*Materials provided:*
■ ■ ■ ■ ■ ■ ■
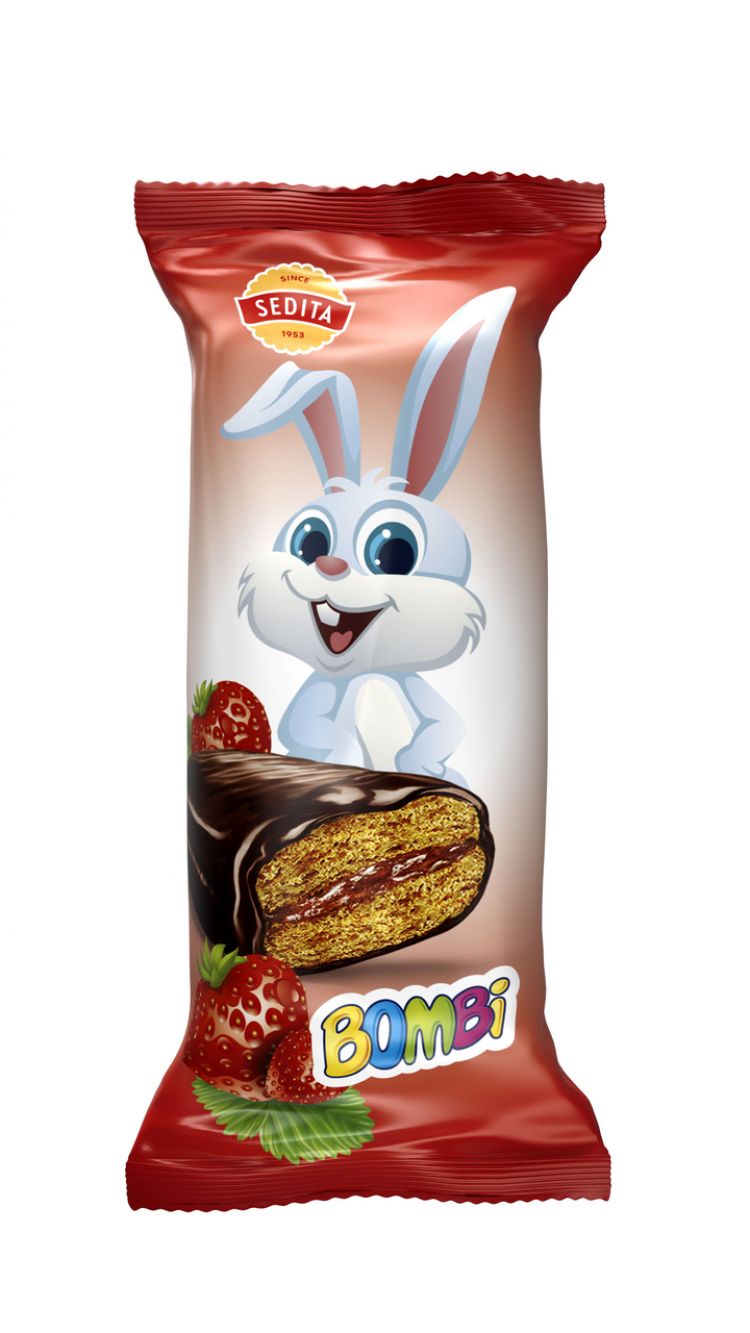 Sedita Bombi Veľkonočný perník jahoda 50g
■ ■ ■ ■ ■ ■ ■
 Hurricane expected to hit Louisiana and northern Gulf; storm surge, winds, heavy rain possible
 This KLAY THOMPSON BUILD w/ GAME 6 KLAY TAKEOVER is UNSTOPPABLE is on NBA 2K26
■ ■ ■ ■ ■ ■ ■
*How to complete this task:*
There is a run of lines above from the one with "Hurricane expected to" to the one with "This KLAY THOMPSON"; print exactly that run, both ends included, and nothing else.

*Solution to this problem:*
 Hurricane expected to hit Louisiana and northern Gulf; storm surge, winds, heavy rain possible
 This KLAY THOMPSON BUILD w/ GAME 6 KLAY TAKEOVER is UNSTOPPABLE is on NBA 2K26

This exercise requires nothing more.